L’univers de Star Wars renoue avec le cinéma grâce à « The Mandalorian and Grogu », une adaptation des aventures du chasseur de prime Din Djarin, interprété par Pedro Pascal. Ce personnage, rendu célèbre par la série diffusée sur Disney+, poursuit sa quête dans un contexte où l’Empire a été vaincu. Sa mission consiste à traquer les anciens dignitaires du régime déchu qui tentent de restaurer leur pouvoir aux confins de la galaxie. Pour accomplir cette tâche, il peut compter sur l’aide de Grogu, un enfant de la même espèce que Yoda, capable de maîtriser la Force.

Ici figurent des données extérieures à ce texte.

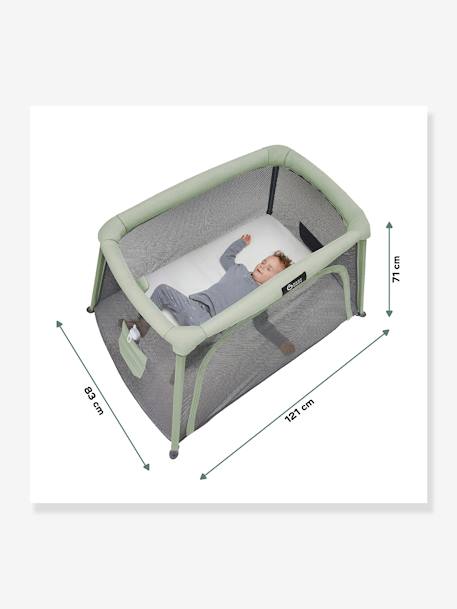 Lit parapluie Moov & Comfy blanc - vertbaudet enfant 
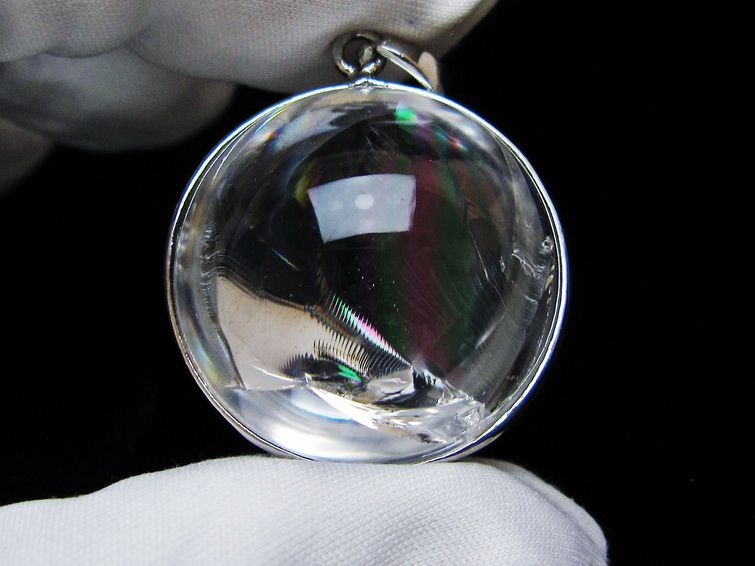 アイリスクォーツ 水晶 ペンダント 虹入り 一点物 112-12443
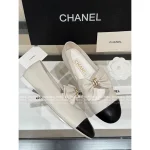 Chanel 2025 Fall/Winter Collection 🖤 Heavyweight Metal Chain ⛓️ Bow Accent Color-Block Round Toe Mary Jane Pumps for Women - Image 11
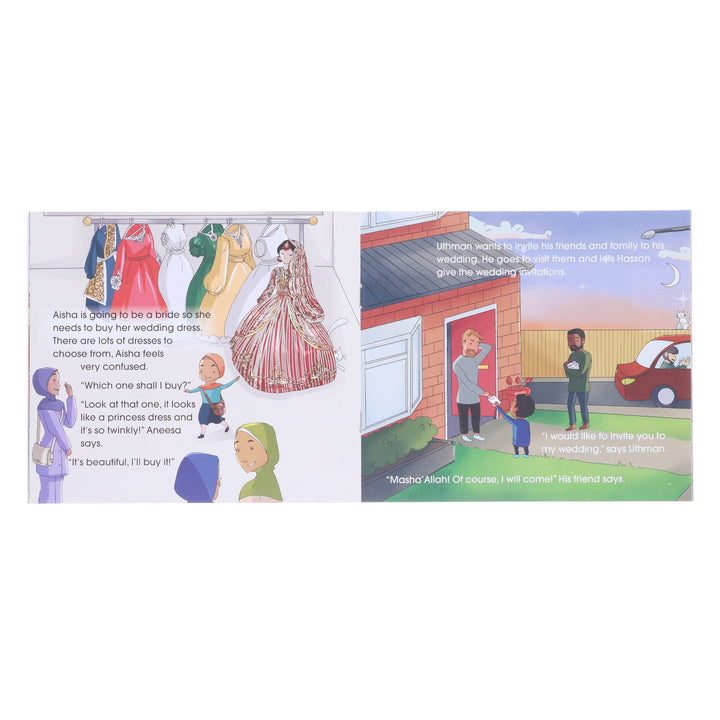 Hassan and Aneesa Children Islamic 5 Books Collection Set By Yasmeen Rahim - Ages 2-7 - Paperback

Jon Favreau, réalisateur et ancien acteur comique devenu spécialiste des blockbusters après avoir relancé la franchise « Iron Man », affirme son attachement aux effets spéciaux traditionnels. Il compare son travail à un tour de magie et évoque l’héritage de Georges Méliès, pionnier des trucages cinématographiques. Pour ce film, il a mobilisé l’ensemble des ressources techniques disponibles, sans recourir à l’intelligence artificielle, afin de proposer un spectacle d’envergure. Une partie significative du métrage a été tournée dans des décors réels, une approche que Pedro Pascal salue en évoquant des combats contre des créatures marines sur un plateau impressionnant.

L’acteur chilien, âgé de 51 ans, a vu sa notoriété internationale consolidée grâce à ce rôle. Pourtant, son visage reste dissimulé sous un casque pendant la majeure partie du film. Il décrit cette contrainte comme un défi technique mais aussi une forme de libération. En réalité, plusieurs interprètes, dont des cascadeurs, endossent le costume du Mandalorien selon les séquences. Jon Favreau précise que Pedro Pascal participe au montage pour garantir une cohérence dans les mouvements du personnage, à l’image de ce qui avait été fait pour Dark Vador.

Le réalisateur a également exploité les avancées technologiques pour ressusciter une figure emblématique de la saga, le gangster Jabba the Hutt, dont le film dévoile la descendance. Les effets spéciaux ont permis de recréer des systèmes musculaires et des textures inédites pour animer ces créatures, en s’inspirant des déplacements d’éléphants de mer ou de combattants sumo. Jon Favreau se réjouit de pouvoir montrer Nal Hutta, la planète des Hutts, pour la première fois en prises de vue réelles, une manière selon lui de tisser un lien entre les admirateurs de la première heure et les nouveaux venus dans l’univers Star Wars.